YOUR INSTRUCTIONS:
Copy the lines below exactly, starting at the one with "Детская футболка Герб" and ending at the one with "Pisică Unicorn model roz deschis pe tricou", and leave out any picture.
####################
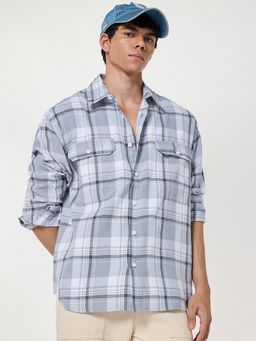 Bewakoof - Men's Grey Checked Oversized Shirt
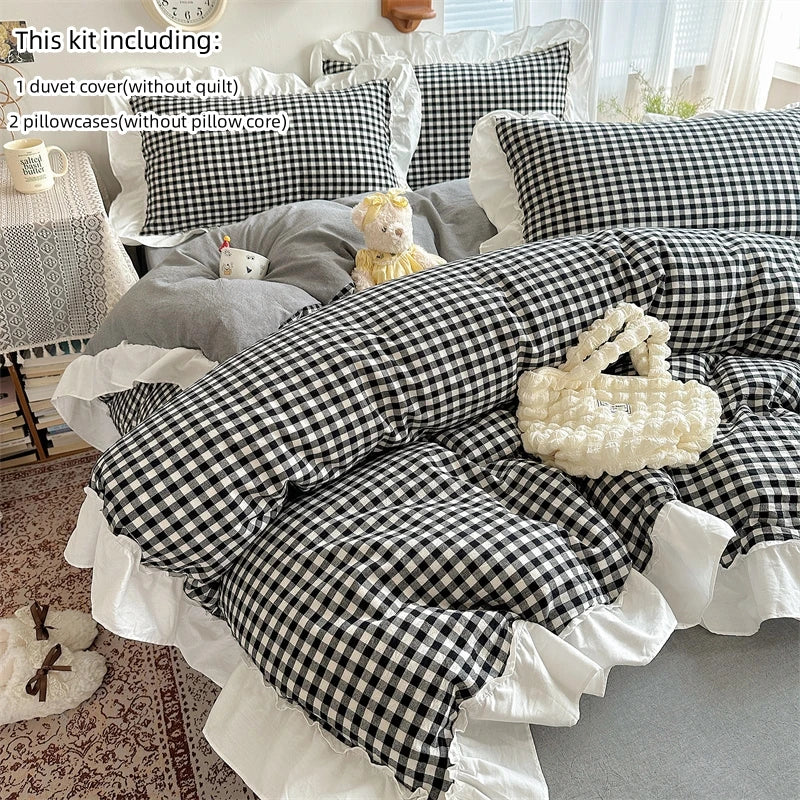 Red and Black Plaid Duvet Cover Set with Lace Embroidery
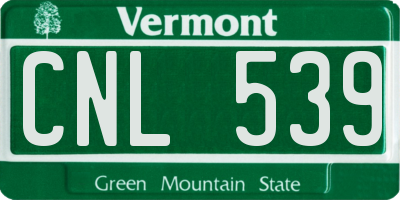VT license plate CNL539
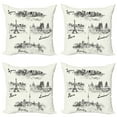 thumbnail image 1 of Ambesonne Urban Throw Pillow Cover 4 Pack, World's Famous Cities, 24", Cream Black, 1 of 7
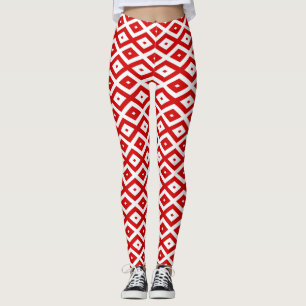 Leggings Motif diamant rouge et blanc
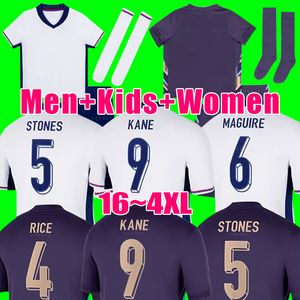 24 25 Camisa de fútbol de Inglaterra Bellingham Rashford Kane 2024 Euro Cup 24 25 Soccer Jersey Equipo nacional Home White White Away Kit Kit Kit Women Saka Rice Foden 16-4xl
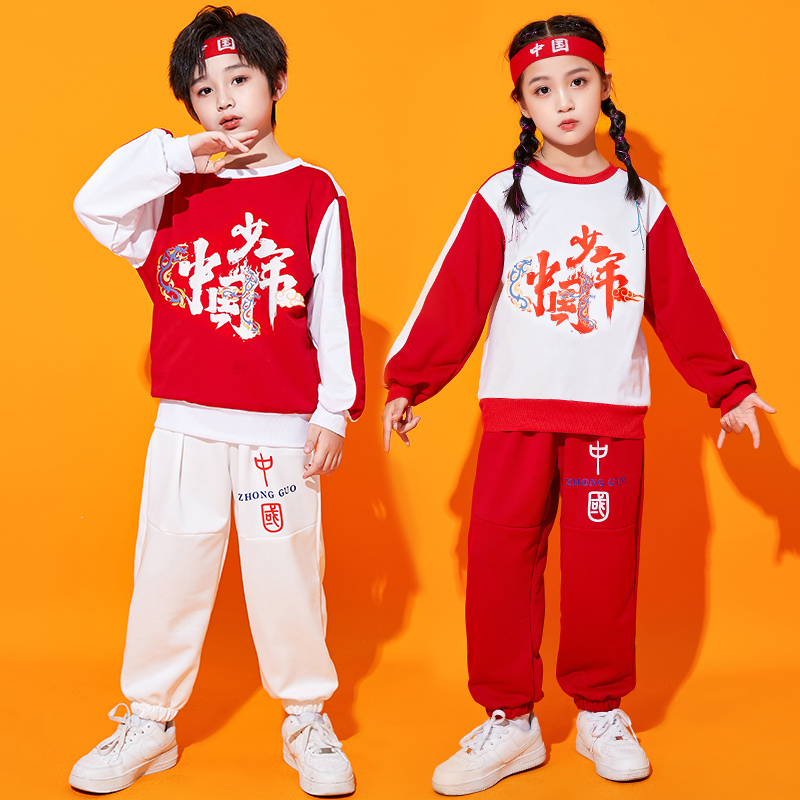 儿童啦啦队演出服中国风班服套装国潮红小学生运动会拉拉队表演服-图0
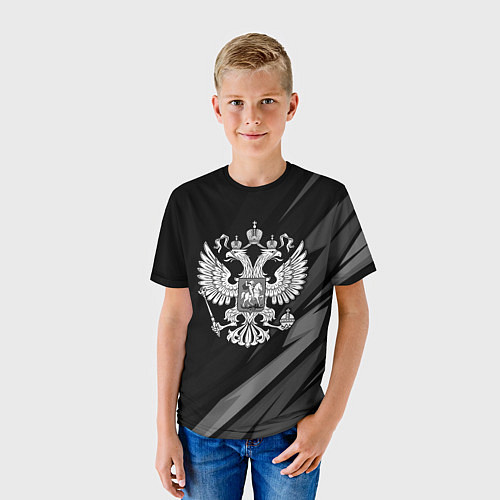 Детская футболка Герб России - черно-белая абстракция / 3D-принт – фото 3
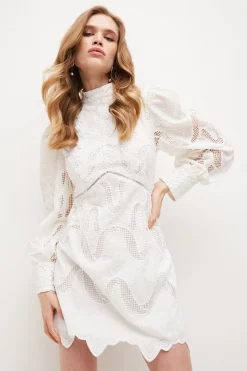 New ✨ Karen Millen Cutwork Broderie Open Back Woven Mini 👗 Dress - white 🧨 -Occasionwear Popular Store bkk03145 white xl 2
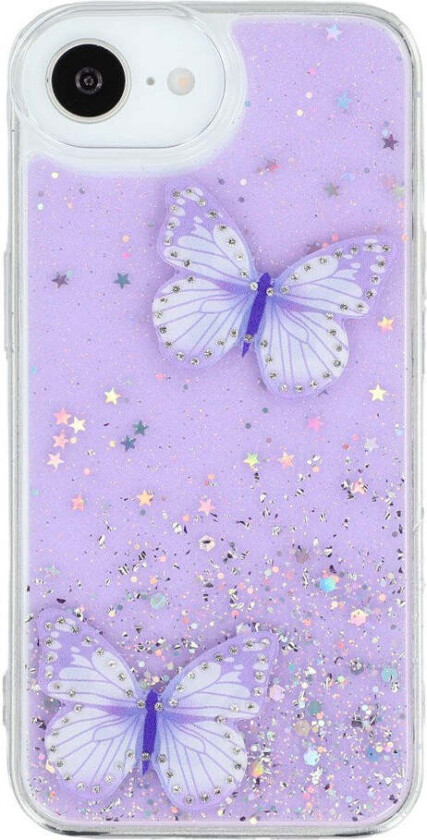 iPhone 16e Fleksibelt Plast Deksel med Sommerfugler - Gjennomsiktig / Lilla
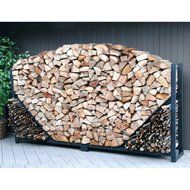 ShelterIt Straight Firewood Log Rack with Kindling Wood Holder and Waterproof Cover, 8', Black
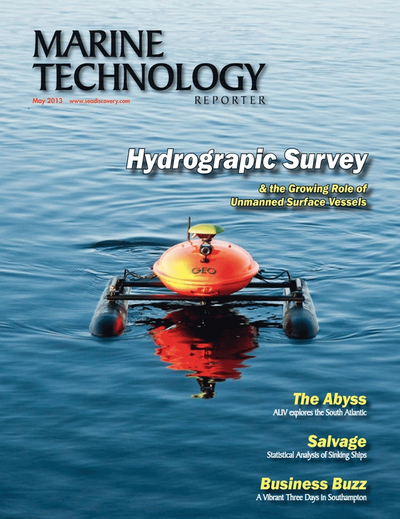 Cover of May 2013 issue of Marine Technology Reporter Magazine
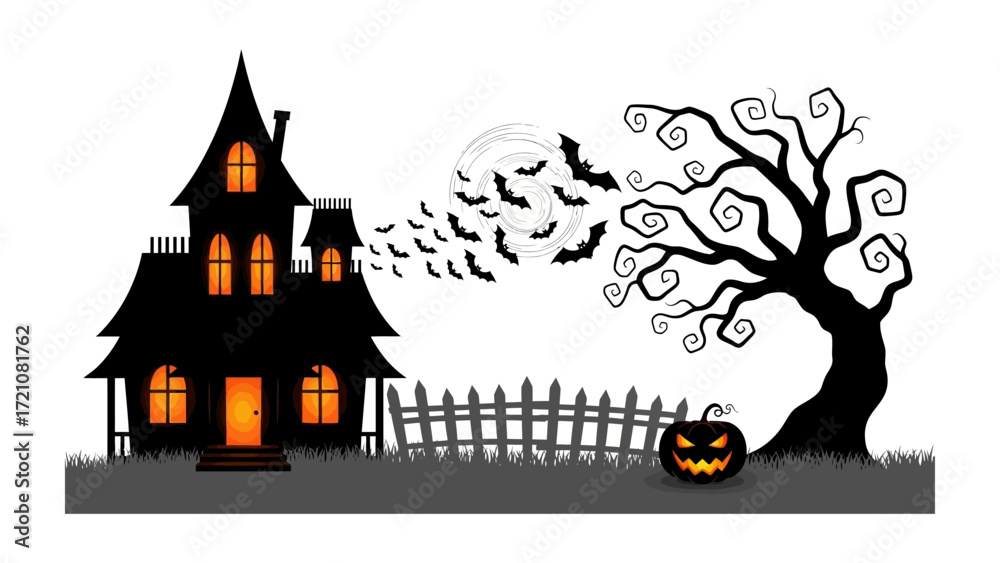 Αυτοκόλλητο Haunted House Silhouette: A chilling illustration depicting a haunted house, surrounded by spooky elements of a ghoulish Halloween night
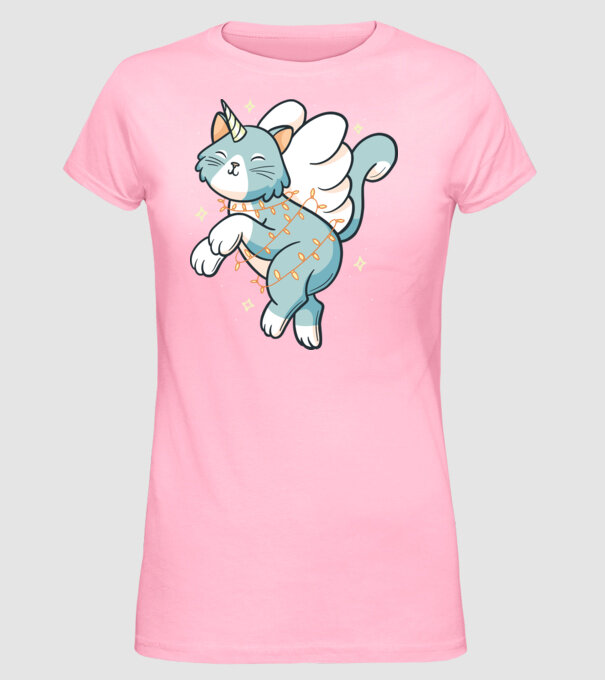 Pisică Unicorn model roz deschis pe tricou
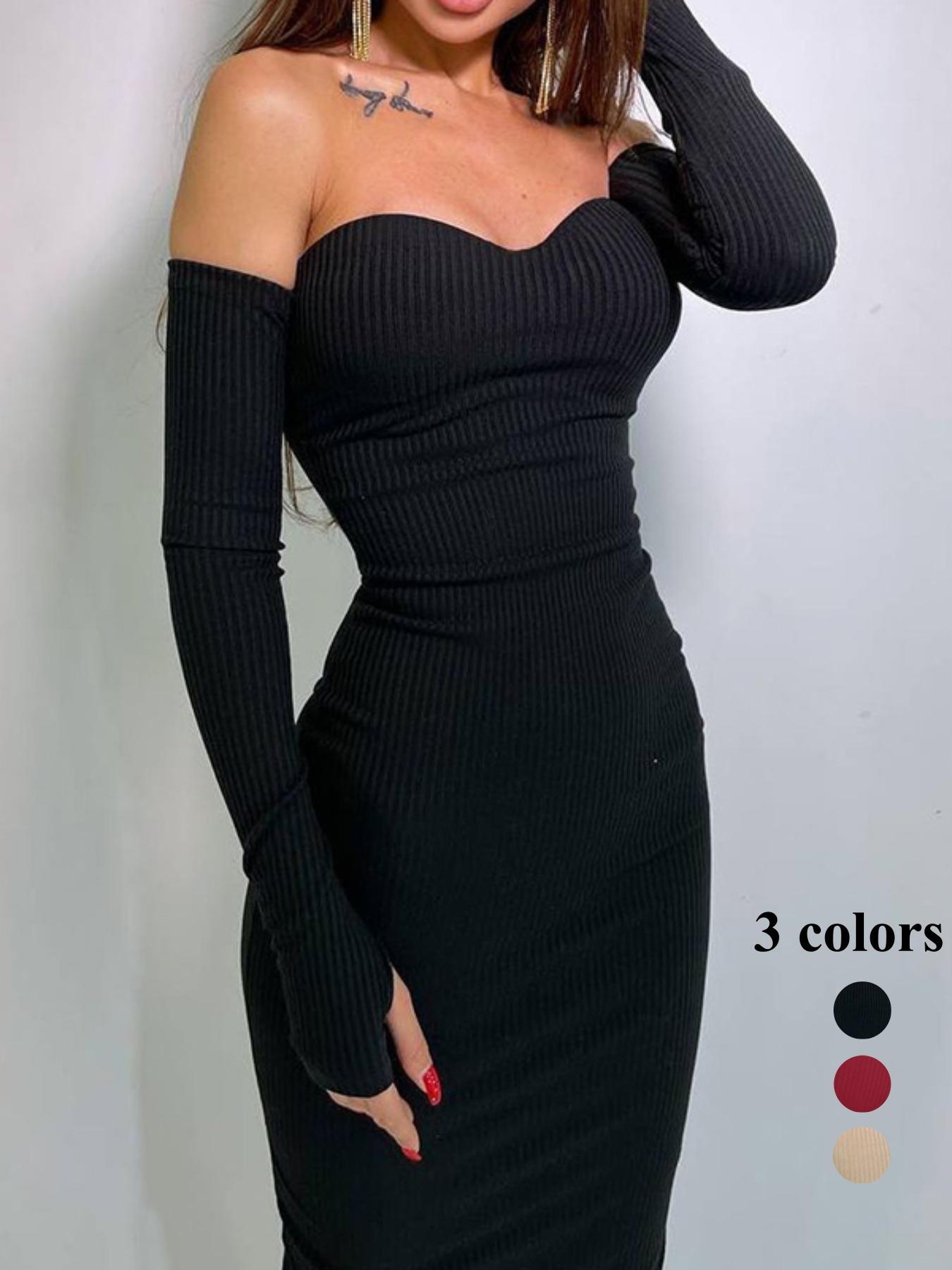 Women's Off Shoulder Backless Ribbed Knit Bodycon Dress for Party Dating, Christmas New Years 2024 Trend Elegant Dresses for Fall & Winter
####################
EXERCISE SOLUTION:
 Детская футболка Герб России - черно-белая абстракция / 3D-принт – фото 3
 New ✨ Karen Millen Cutwork Broderie Open Back Woven Mini 👗 Dress - white 🧨 -Occasionwear Popular Store bkk03145 white xl 2
 iPhone 16e Fleksibelt Plast Deksel med Sommerfugler - Gjennomsiktig / Lilla
 ShelterIt Straight Firewood Log Rack with Kindling Wood Holder and Waterproof Cover, 8', Black
 Cover of May 2013 issue of Marine Technology Reporter Magazine
 Αυτοκόλλητο Haunted House Silhouette: A chilling illustration depicting a haunted house, surrounded by spooky elements of a ghoulish Halloween night
 Pisică Unicorn model roz deschis pe tricou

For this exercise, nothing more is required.